The KBO is coming to the end of its regular season schedule, with all 10 teams having played at least 100 games by last week. While each team has a slightly different number of games remaining, every game is now crucial for every team.바카라사이트
Especially in September, a number of variables, both large and small, are expected to have a significant impact on teams and the league. The expanded entry system, which goes into effect on January 1, and the selection of the baseball team for the 2022 Hangzhou Asian Games complicate the math for the 10 teams.
Still, the biggest variable will be injuries. While an injury early in the season gives a player plenty of time to recover and a chance to return, an injury after September is devastating for both the team and the player. It can directly affect the race for the top spot.
The LG Twins are no exception to this rule. On April 26, foreign pitcher Adam Plutko, who started the game against the NC Dinos at Changwon NC Park, left the mound after only four innings due to discomfort in his left adductor (inner thigh muscle).
Plutko, who was removed from the roster to rest before the first-half deadline, took the mound after more than two weeks off, but delayed his start late last month after feeling ill. Shortly thereafter, he was diagnosed with COVID-19. He was out for about a month.
LG managed to put out the fire by acquiring starting pitcher Choi Won-tae in a trade with the Kiwoom Heroes late last month, but if Plutko’s injury is prolonged, LG’s starting rotation will be disrupted for the rest of the season. The team will be keeping a close eye on Plutko’s health, as the presence of a foreign pitcher is a big part of the team’s strength, although it’s possible to rely on the likes of Kim Yun-sik, Lee Min-ho, and Kang Hyo-jong as alternate starters.
Second-place KT Wiz, which is closely followed by LG, has also been plagued by injuries. At the beginning of the season, the team had a couple of injuries, but as time went on, the team got closer to full strength and didn’t have to worry about injuries anymore.
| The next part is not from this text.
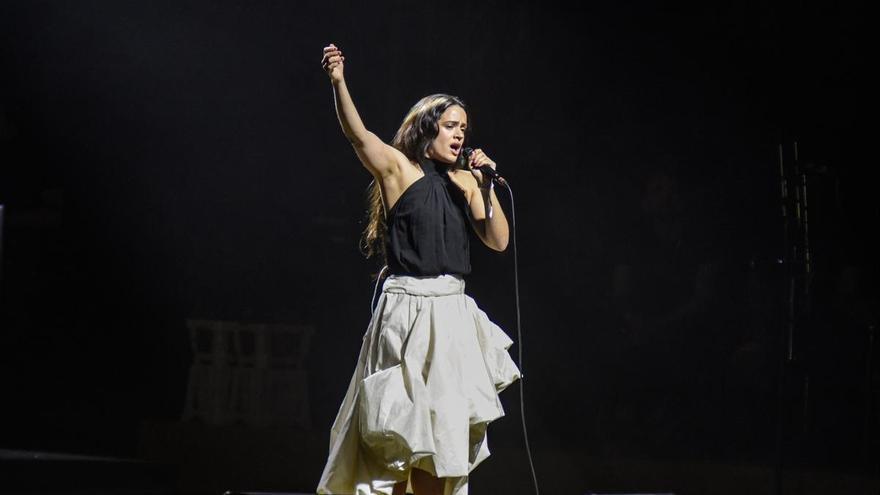 Así fue la aparición sorpresa de Rosalía en un concierto por Palestina en Barcelona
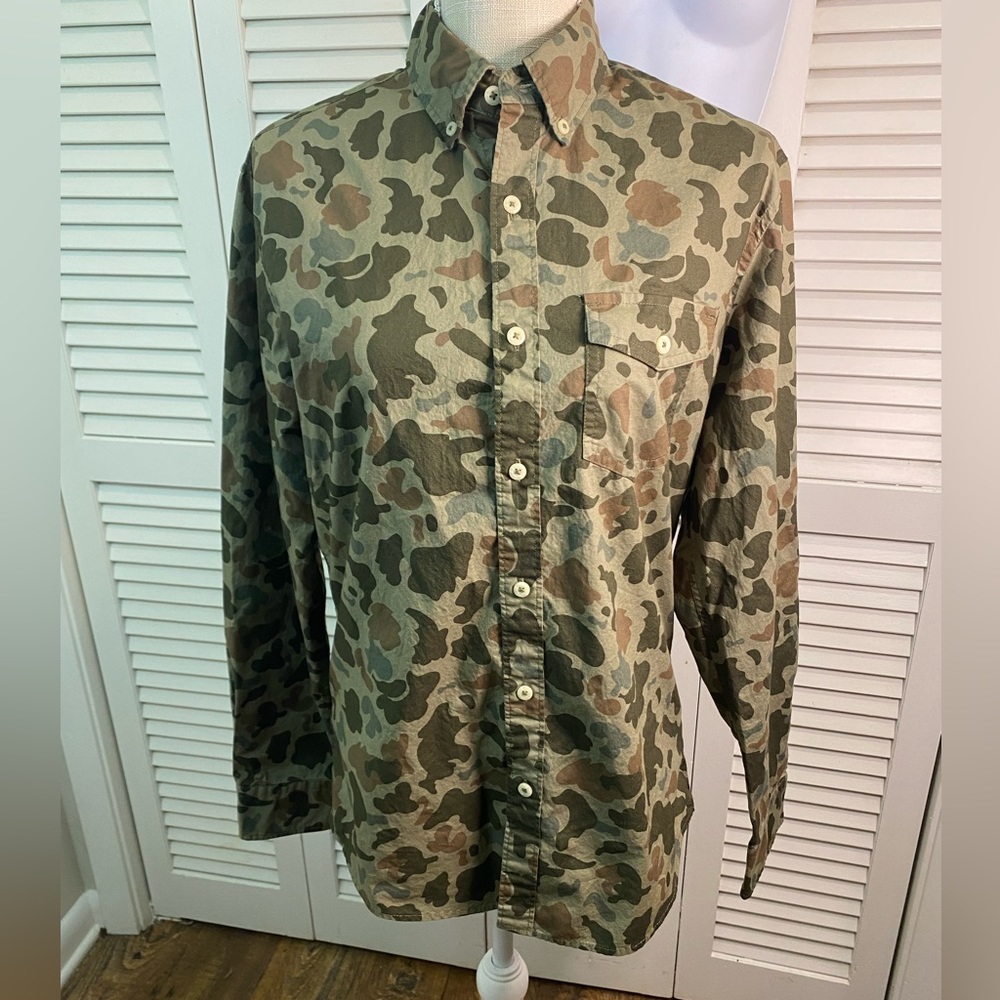 American Eagle size‎ small camo camouflage long sleeve button down casual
However, the loss of starting pitcher Uhm Sang-baek and main shortstop Kim Sang-soo to microfractures in their ribs and a sore left ankle, respectively, made it inevitable. Park Byung-ho, who has a calf injury, has been struggling to get into the starting lineup. It’s nothing short of a miracle that he made it to second place, but now that he’s on “defense,” KT has to be vigilant about injuries.
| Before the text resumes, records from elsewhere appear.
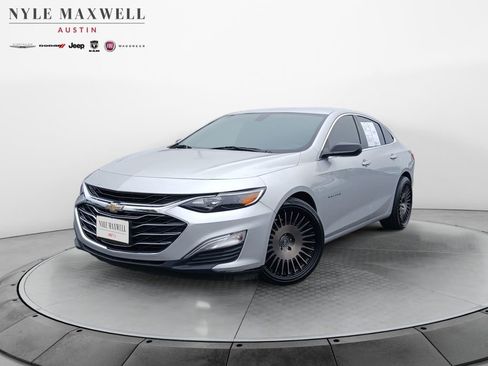 Used 2019 Chevrolet Malibu LS w/ LPO, Convenience Package 1 FWD image 1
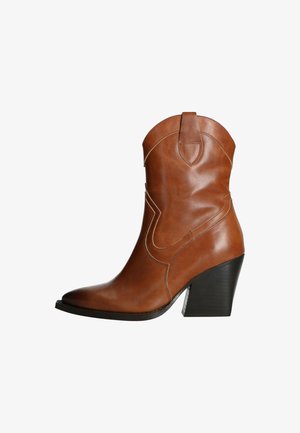 Botte de cow-boy en cuir marron avec un bout pointu, un talon bloc haut et des coutures décoratives sur les côtés. Dispose d'une languette à l'arrière.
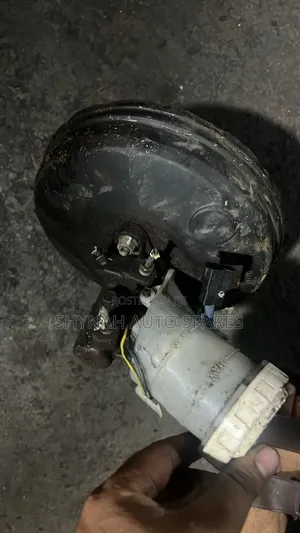Brake Master Cylinder and Booster Mitsubishi Pajero Junior
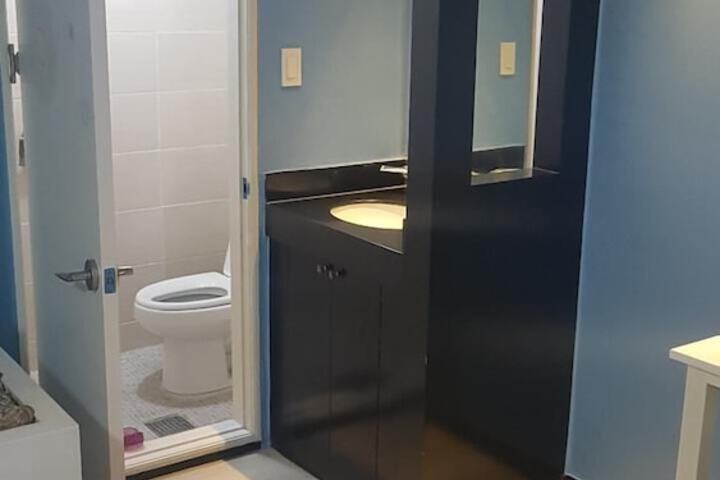 Room 3 of 11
The teams fighting for a spot in the Top 5 are facing similar challenges. After sweeping a three-game series against LG last weekend, NC lost Park Se-hyuk to tendinitis in his left wrist, and Ahn Jung-yeol was diagnosed with partial damage to his right adductor muscle. For the time being, Kim Hyung-jun and Park Dae-on will have to share the pitching duties.
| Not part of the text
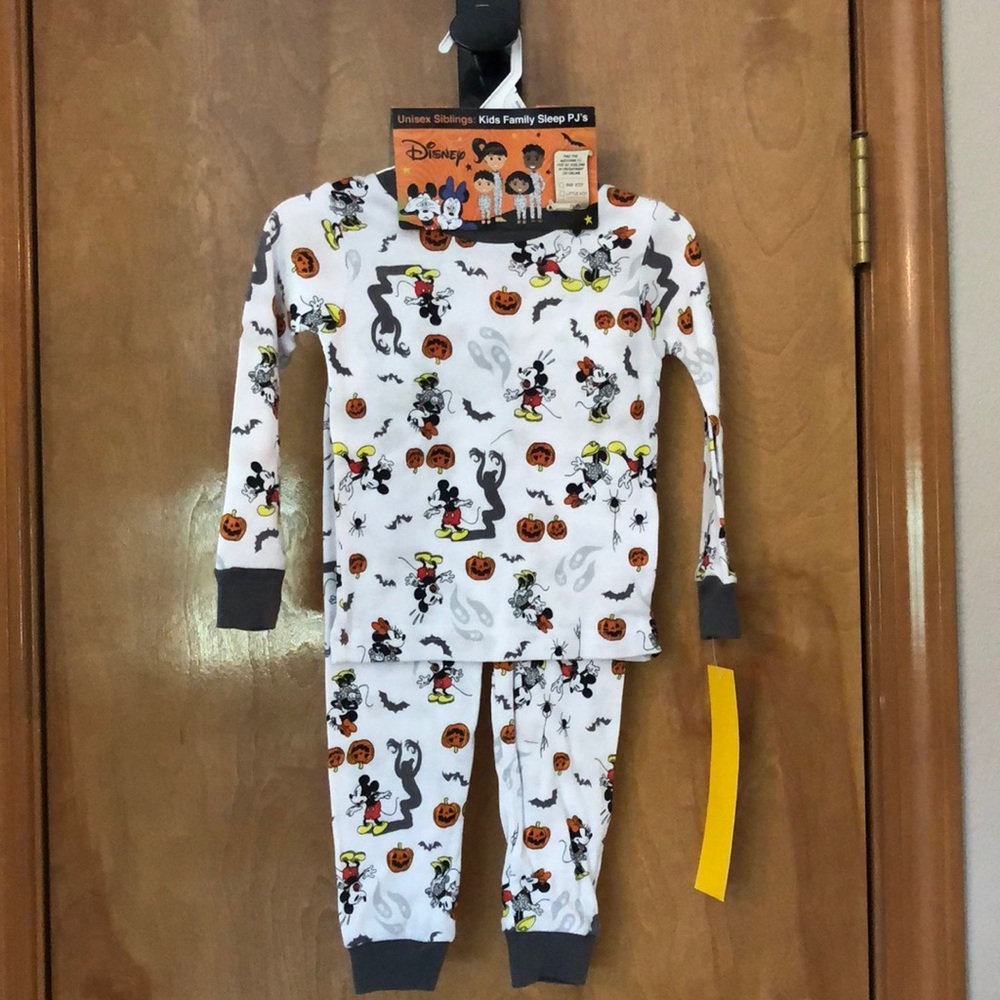 Disney Mickey Minnie Mouse Halloween 2 piece sleep PJ’s gender neutral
In addition, “lefty ace” Koo Chang-mo, who was sidelined with a fatigue fracture in his left ulna, will begin long toss and pitching preparation this week, but it’s unclear if he’ll return in September. As a result, the team will have to rely on the performance of its existing starters.
KIA, which is on a four-game winning streak, is also not feeling well. Lee Yi-ri, who started against KT on July 22, was diagnosed with simple inflammation in his shoulder after complaining of shoulder pain, and is expected to return early next month if all goes well. However, it is unclear if he will be at 100%.
Foreign pitcher Mario Sanchez is also out of the lineup. Sanchez started a home game against the Gwangju Hanwha Eagles and pitched seven innings of two-hit ball, striking out six and walking one to earn his fourth win of the season, but he felt unwell afterward. On Aug. 28, he was examined at two hospitals and “cross-checked,” and was diagnosed with a right medial collateral ligament injury and impingement syndrome. He will need about three weeks for rehabilitation, according to the club.
The Doosan Bears, who have slipped to sixth place, have shaken off injuries and returned Yang Yang-ji and Jeong Soo-bin to the starting lineup, but Choi Seung-yong, who has been playing a “fifth starter” role, is still missing. The reason is a finger injury, and in his start against the Jamsil NC on April 19, he left the mound after just 2⅔ innings when a blister appeared on his left middle finger while pitching.
Choi hasn’t pitched since he was designated for assignment, so it will be a while before he returns to the first team. If all goes according to plan, he will be pitching out of the bullpen for the second team this week. That means he won’t be ready for the first team until September. I’m more worried about overloading the mound.
From here on out, the impact of an injury is going to be as big as a loss. It remains to be seen which team can survive at a time when injuries need to be minimized.